Description of the task:
Can you copy out the data exactly? Leave the images out.

##### Information shown

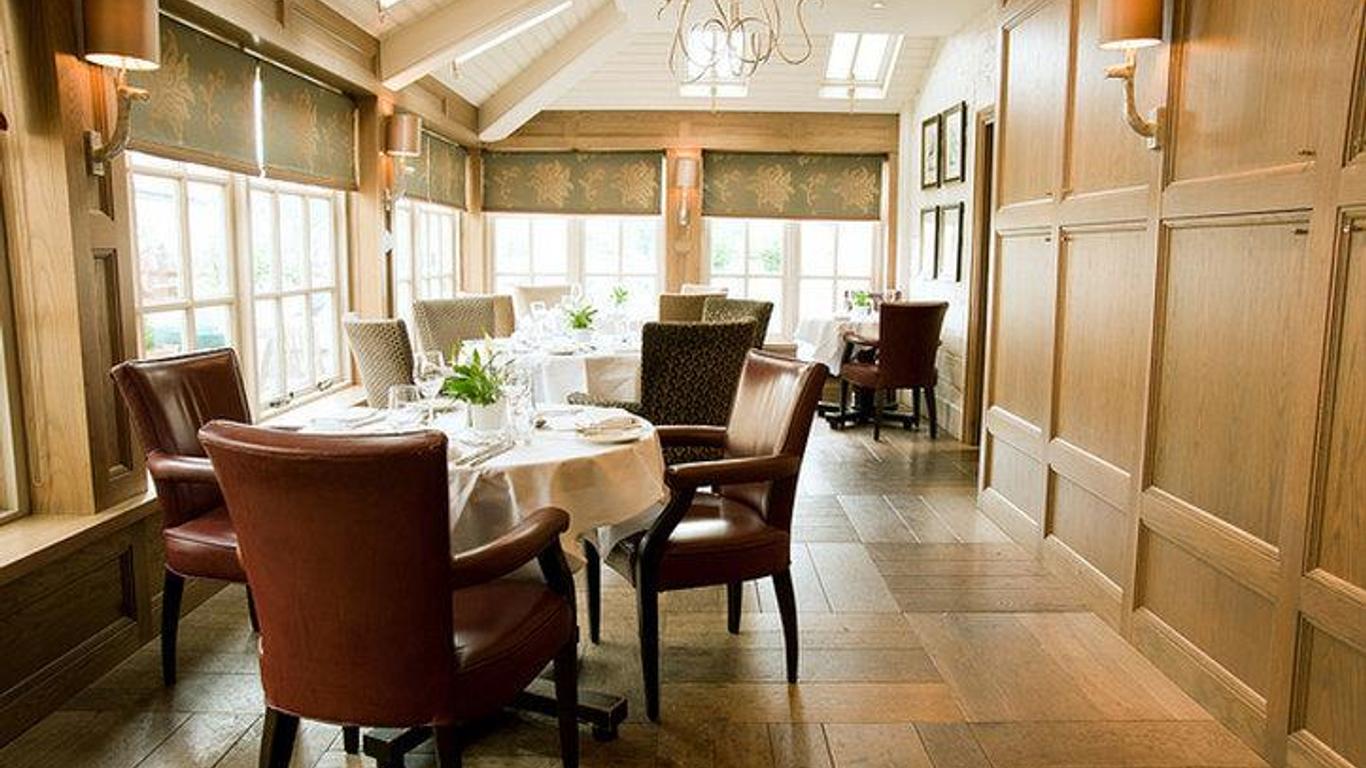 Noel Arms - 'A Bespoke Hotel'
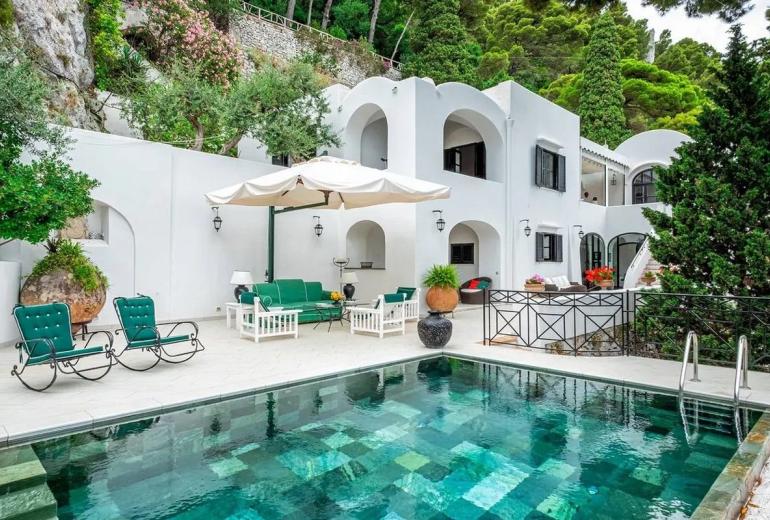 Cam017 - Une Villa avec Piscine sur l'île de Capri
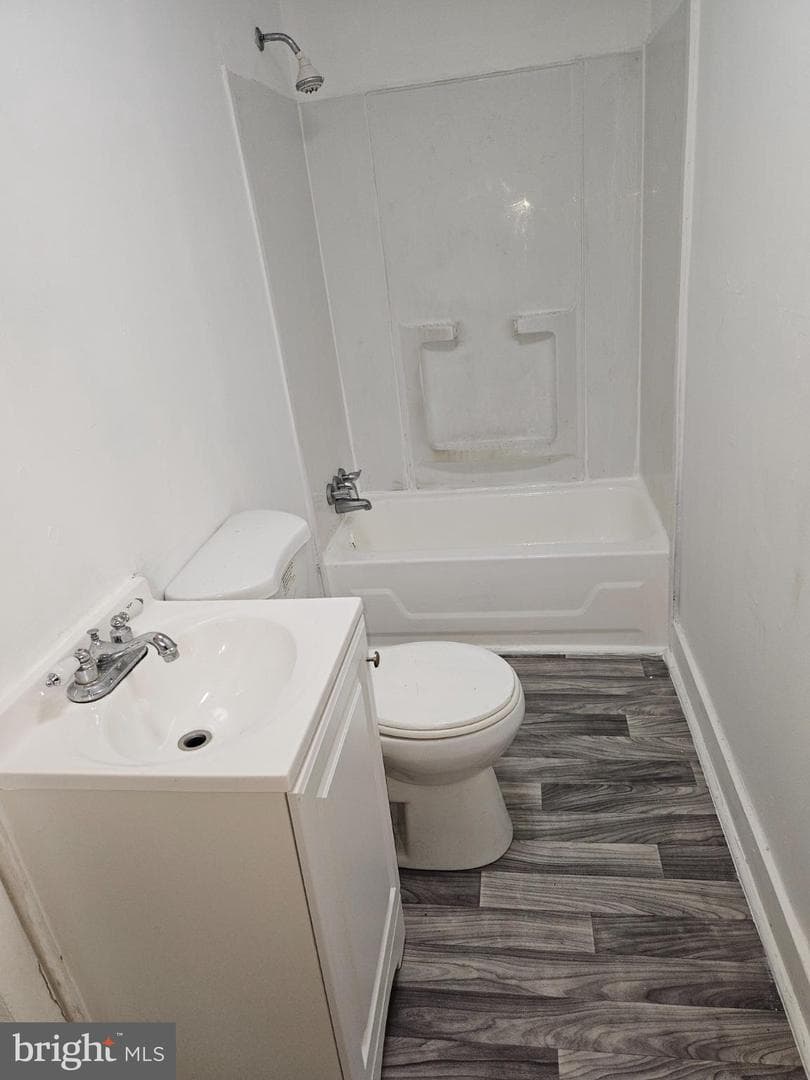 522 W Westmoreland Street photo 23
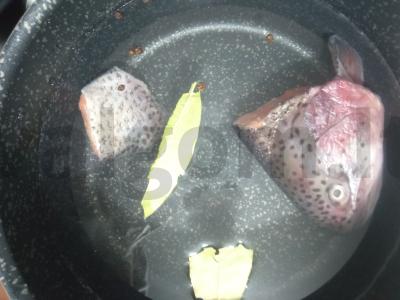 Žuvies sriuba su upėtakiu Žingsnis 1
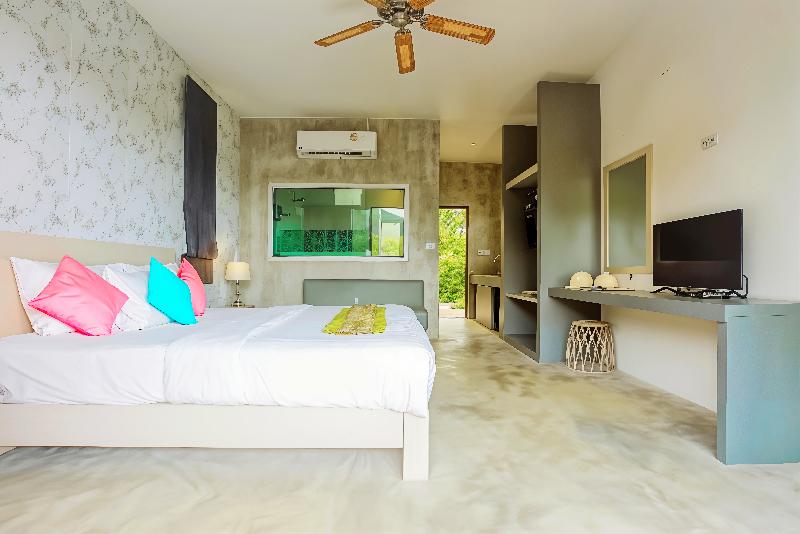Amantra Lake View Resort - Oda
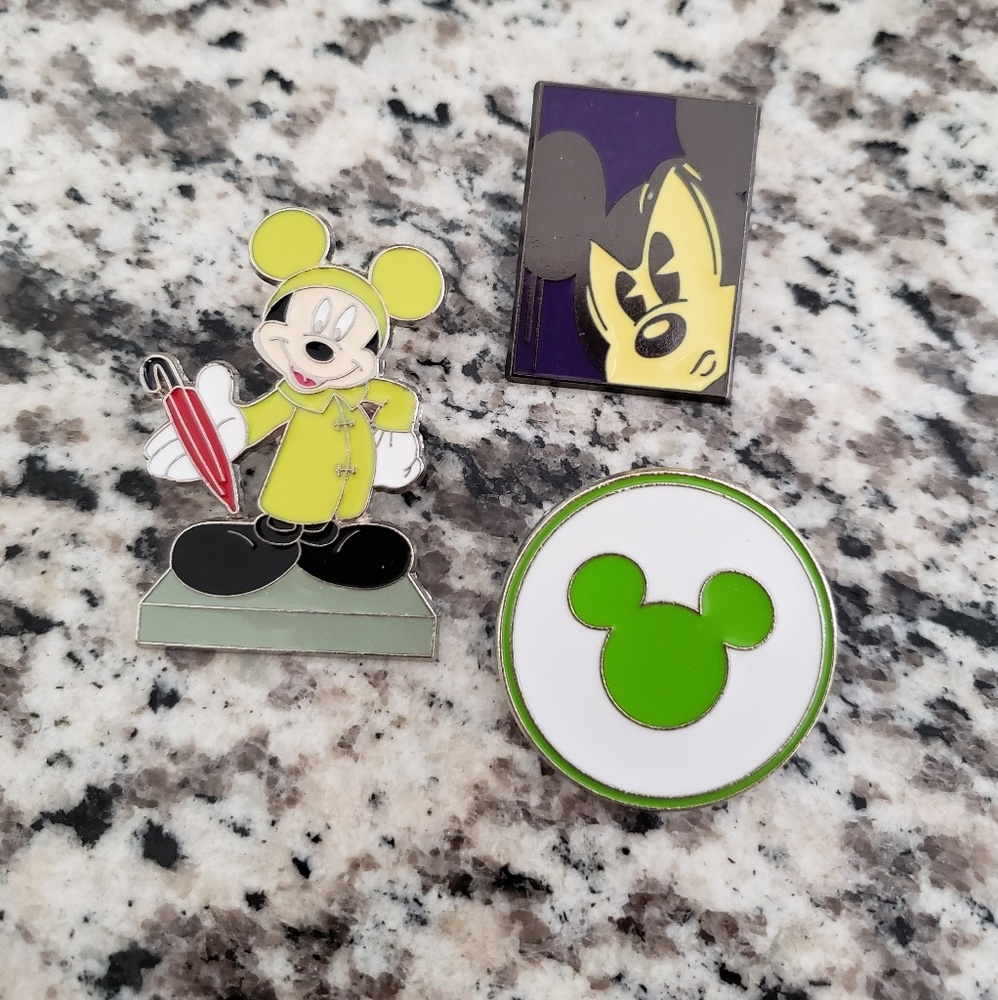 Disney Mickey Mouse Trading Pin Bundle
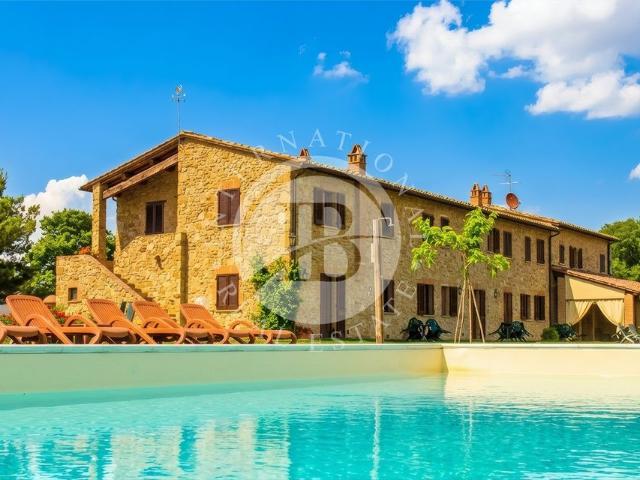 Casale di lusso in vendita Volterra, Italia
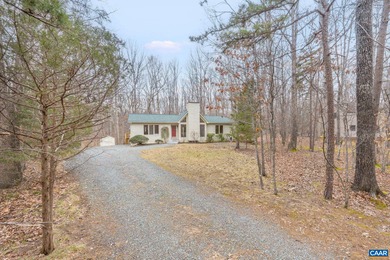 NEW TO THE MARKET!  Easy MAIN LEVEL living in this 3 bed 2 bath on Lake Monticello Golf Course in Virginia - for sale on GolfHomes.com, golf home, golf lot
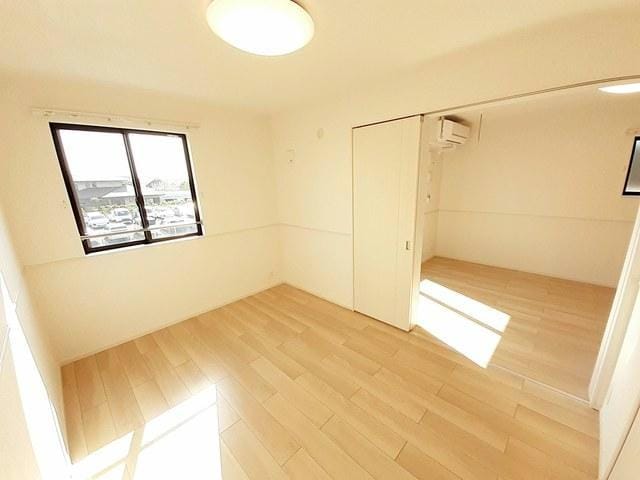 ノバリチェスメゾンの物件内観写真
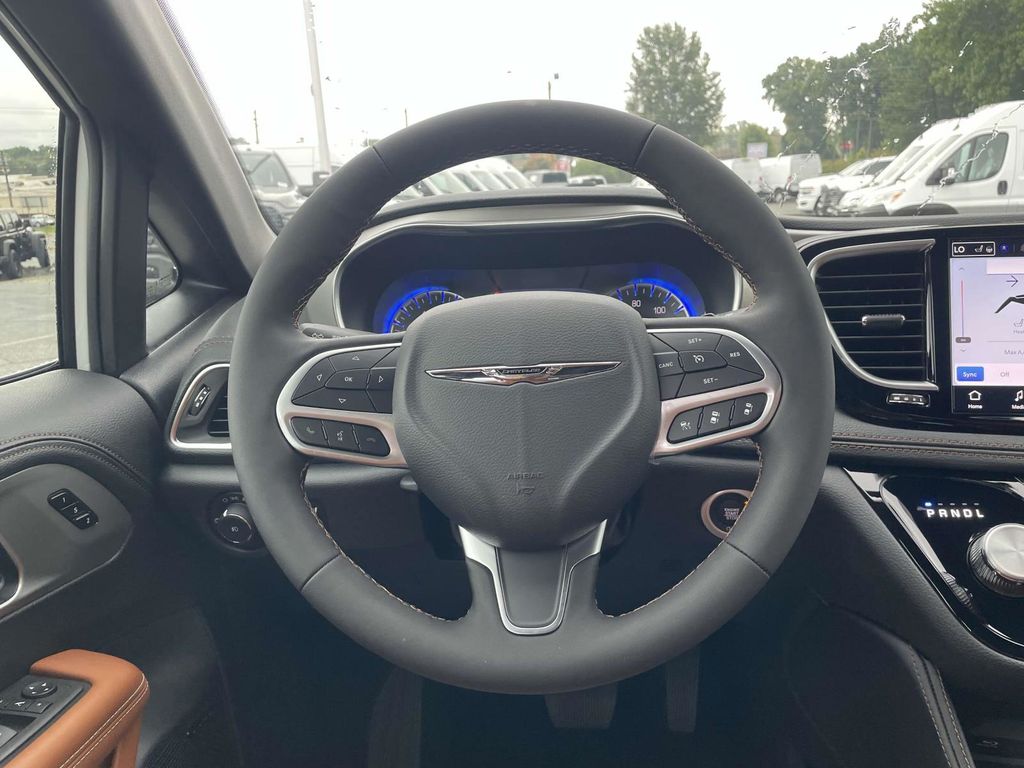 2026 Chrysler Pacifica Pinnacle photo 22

##########

Exercise answer:
 Noel Arms - 'A Bespoke Hotel'
 Cam017 - Une Villa avec Piscine sur l'île de Capri
 522 W Westmoreland Street photo 23
 Žuvies sriuba su upėtakiu Žingsnis 1
Amantra Lake View Resort - Oda
 Disney Mickey Mouse Trading Pin Bundle
 Casale di lusso in vendita Volterra, Italia
 NEW TO THE MARKET!  Easy MAIN LEVEL living in this 3 bed 2 bath on Lake Monticello Golf Course in Virginia - for sale on GolfHomes.com, golf home, golf lot
 ノバリチェスメゾンの物件内観写真
 2026 Chrysler Pacifica Pinnacle photo 22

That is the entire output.